Task objective: Return only this: the line with "The IUCN definition" and all the lines that follow it below, through the final one, exactly as they are.

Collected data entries
'''
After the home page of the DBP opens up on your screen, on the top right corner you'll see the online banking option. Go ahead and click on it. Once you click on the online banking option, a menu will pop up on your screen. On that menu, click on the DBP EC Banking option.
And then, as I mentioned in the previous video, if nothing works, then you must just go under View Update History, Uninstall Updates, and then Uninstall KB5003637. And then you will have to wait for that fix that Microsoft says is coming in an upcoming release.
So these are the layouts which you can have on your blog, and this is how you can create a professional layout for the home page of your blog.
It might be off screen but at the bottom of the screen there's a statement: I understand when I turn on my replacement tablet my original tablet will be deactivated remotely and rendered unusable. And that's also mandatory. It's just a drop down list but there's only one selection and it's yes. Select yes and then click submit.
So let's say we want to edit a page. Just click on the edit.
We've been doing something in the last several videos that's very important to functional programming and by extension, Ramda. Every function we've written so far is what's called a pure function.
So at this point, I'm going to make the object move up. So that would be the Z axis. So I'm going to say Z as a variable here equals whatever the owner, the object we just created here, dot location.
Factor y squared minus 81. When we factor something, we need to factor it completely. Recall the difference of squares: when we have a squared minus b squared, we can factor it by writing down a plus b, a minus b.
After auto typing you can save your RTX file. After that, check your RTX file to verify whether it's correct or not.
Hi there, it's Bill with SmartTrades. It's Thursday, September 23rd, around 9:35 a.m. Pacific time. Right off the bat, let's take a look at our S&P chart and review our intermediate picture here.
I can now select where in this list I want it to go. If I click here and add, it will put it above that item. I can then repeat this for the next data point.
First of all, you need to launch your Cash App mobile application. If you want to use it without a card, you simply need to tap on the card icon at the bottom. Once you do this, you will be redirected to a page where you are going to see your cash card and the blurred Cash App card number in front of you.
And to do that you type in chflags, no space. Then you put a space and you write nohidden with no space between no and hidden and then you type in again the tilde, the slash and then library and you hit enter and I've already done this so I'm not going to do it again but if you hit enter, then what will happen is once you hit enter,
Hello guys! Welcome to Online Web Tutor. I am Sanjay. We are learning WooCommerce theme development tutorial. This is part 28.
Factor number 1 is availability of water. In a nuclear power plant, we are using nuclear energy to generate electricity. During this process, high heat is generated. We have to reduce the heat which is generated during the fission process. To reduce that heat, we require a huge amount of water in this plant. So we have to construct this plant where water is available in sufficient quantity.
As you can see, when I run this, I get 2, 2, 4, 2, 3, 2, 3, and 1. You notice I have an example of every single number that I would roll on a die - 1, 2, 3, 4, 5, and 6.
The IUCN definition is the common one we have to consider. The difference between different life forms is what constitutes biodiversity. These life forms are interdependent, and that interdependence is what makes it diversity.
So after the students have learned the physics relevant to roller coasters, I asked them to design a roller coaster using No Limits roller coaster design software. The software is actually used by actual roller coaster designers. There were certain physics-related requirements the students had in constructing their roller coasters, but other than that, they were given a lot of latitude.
'''
Answer to the exercise:
The IUCN definition is the common one we have to consider. The difference between different life forms is what constitutes biodiversity. These life forms are interdependent, and that interdependence is what makes it diversity.
So after the students have learned the physics relevant to roller coasters, I asked them to design a roller coaster using No Limits roller coaster design software. The software is actually used by actual roller coaster designers. There were certain physics-related requirements the students had in constructing their roller coasters, but other than that, they were given a lot of latitude.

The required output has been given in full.